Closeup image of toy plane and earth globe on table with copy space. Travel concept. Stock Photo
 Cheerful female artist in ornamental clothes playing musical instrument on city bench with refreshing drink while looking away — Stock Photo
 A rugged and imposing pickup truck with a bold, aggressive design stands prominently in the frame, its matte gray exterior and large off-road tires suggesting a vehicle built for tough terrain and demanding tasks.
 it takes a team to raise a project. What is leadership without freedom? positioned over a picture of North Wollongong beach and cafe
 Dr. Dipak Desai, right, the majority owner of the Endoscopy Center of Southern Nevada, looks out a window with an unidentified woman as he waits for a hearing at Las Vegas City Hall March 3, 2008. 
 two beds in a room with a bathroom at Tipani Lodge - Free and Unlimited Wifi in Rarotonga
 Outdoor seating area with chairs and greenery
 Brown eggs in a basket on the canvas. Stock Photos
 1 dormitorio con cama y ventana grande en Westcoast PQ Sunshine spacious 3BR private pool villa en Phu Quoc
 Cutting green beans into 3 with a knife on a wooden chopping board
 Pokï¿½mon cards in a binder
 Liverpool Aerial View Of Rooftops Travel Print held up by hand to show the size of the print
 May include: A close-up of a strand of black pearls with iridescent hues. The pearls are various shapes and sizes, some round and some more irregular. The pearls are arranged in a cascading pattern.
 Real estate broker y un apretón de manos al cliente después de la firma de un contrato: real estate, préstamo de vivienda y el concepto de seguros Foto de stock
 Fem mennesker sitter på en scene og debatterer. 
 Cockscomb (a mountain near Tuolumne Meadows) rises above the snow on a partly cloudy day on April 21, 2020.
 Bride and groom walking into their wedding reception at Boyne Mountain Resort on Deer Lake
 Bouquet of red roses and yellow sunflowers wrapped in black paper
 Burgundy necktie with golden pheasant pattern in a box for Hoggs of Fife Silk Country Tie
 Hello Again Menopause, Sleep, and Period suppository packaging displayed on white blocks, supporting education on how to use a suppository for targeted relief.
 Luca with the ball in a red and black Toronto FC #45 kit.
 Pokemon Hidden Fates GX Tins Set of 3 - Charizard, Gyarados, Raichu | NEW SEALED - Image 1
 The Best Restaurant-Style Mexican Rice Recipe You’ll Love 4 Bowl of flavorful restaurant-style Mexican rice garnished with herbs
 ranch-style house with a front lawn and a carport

Your assignment: From the entries above, write out only the lines starting at the line that holds "Brown eggs in" and ending at the line that holds "Pokï¿½mon cards in a binder", keeping both and matching them exactly.

Answer space:
 Brown eggs in a basket on the canvas. Stock Photos
 1 dormitorio con cama y ventana grande en Westcoast PQ Sunshine spacious 3BR private pool villa en Phu Quoc
 Cutting green beans into 3 with a knife on a wooden chopping board
 Pokï¿½mon cards in a binder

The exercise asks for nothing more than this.